Thermal. Use a heat gun (carefully) to warm a suspect connection or component. If it was a thermal fault, applying heat should trigger the symptom. Conversely, freeze spray can shock a component to find the opposite thermal fault.
Vibration. Gently tap and flex suspect wire harnesses, connector bodies, and component mounts while the system runs. An intermittent connection that’s sensitive to movement will often reveal itself immediately.
Voltage. A variac (variable voltage supply) lets you intentionally deliver low or high voltage to a component. If the fault appears at 108V but not 120V, you’ve found a voltage-dependent condition and probably a marginal component.
When to stop chasing
Intermittent faults can eat unlimited time. At some point, you have to decide whether continuing to chase the fault is the right use of everyone’s money, or whether a strategic replacement is warranted.
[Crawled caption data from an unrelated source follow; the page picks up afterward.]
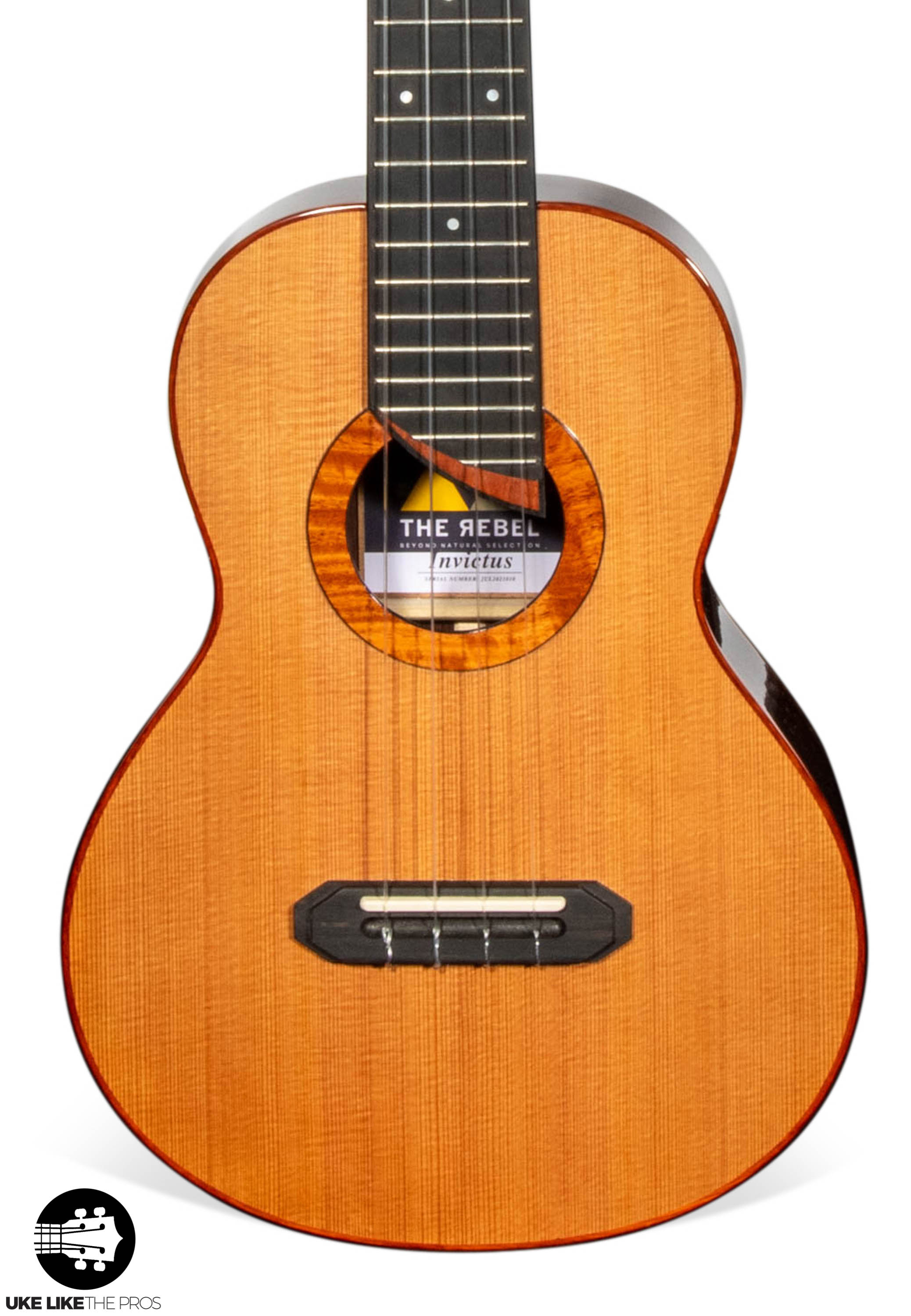 Rebel Double Invictus Tenor Ukulele Solid Cedar Top Rosewood "Finnigan"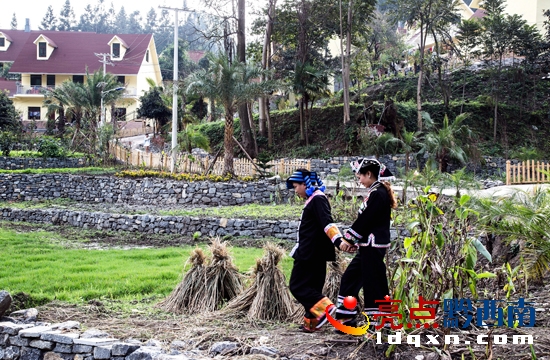 我與南網(wǎng)電工有個(gè)約會(huì)(盧關(guān)文攝 13885957702) (2).jpg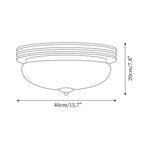 Ceiling Light Metal Canopy and Glass Shade Classic Round Modern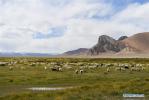 Sept. 19, 2018 -- Photo taken on Sept. 17, 2018 shows grazing sheep herds in Jaggang Village of Rutog County, Ali Prefecture, southwest China`s Tibet Autonomous Region. Located at 4,400 meters above sea level, the plateau village is a model unit in Ali Prefecture`s border-area poverty relief campaign. While still under construction, the village has managed to provide its current residents with access to water, electricity and network. Jaggang Village is also developing a collective economy which stresses building material manufacturing, border trade, plant nursery and local husbandry, so that the residents are prepared with working skills in addition to government subsidies. (Xinhua/Liu Dongjun)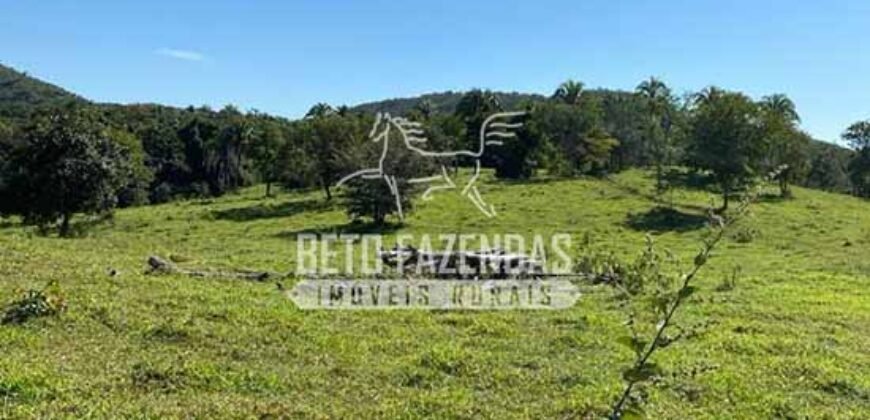 Fazenda à Venda com 212,18ha para Pecuária | Paracatu/MG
Signals that strategic replacement may be appropriate:
- Multiple visits without resolution
- Component is 15+ years old and has other signs of aging
- The fault pattern (e.g., thermal, summer-only) points strongly at an aging-related failure even if you can’t definitively localize it
- Continued no-heat or no-cool episodes are creating significant hardship for the homeowner
When recommending strategic replacement, be honest: “I haven’t definitively identified the fault, but the most likely candidate is the control board based on the pattern. A new board is $400 and resolves it in most cases with this symptom. If it doesn’t, we’ll refund the board and keep investigating.” This is more professional than pretending you diagnosed something you didn’t.
From the field
Homeowner reported heat pump “randomly going to aux heat” in winter — sometimes days of normal operation, then a stretch where aux heat ran continuously for hours. Three prior visits by different techs had not identified the fault; each visit had the system running normally.
I pulled the defrost board’s event log on my visit. It showed the aux heat relay energizing without an accompanying defrost cycle — something outside the normal SOO. The relay was being commanded directly from the W2 thermostat input, which was weird because the thermostat should only be calling W2 when the heat pump couldn’t keep up.
Left a data-logging DMM recording 24V on the W2 line at the thermostat. Came back three days later. Log showed W2 randomly asserting at unexpected times — sometimes for minutes, sometimes for hours, with no obvious trigger.
The thermostat was a Nest, two years old, connected via power stealing (no C wire). The Nest’s power-stealing strategy was occasionally bleeding enough current through the W2 circuit to falsely activate the aux heat relay. Installed a C-wire adapter at the air handler, problem gone immediately. Had I not captured the pattern at the thermostat end, I would’ve chased heat pump system issues for weeks.
Check your understanding
0 / 301A furnace locks out every 2-3 days during cold snaps but runs fine most of the time. The homeowner has tolerated this for a month. What's your approach?
02You suspect a thermal-dependent intermittent fault at a terminal on the ignition module. What's a controlled test you can run during your visit?
03When is 'strategic replacement' an honest response to an intermittent fault?
Intermittent faults are where diagnostic discipline shows its value. Pattern recognition, data capture, controlled provocation, and honest communication with customers all become important. When you can’t reproduce the fault, you have to outsmart it — and that starts with the mindset that the fault is a predictable physical phenomenon waiting to be observed, not a ghost.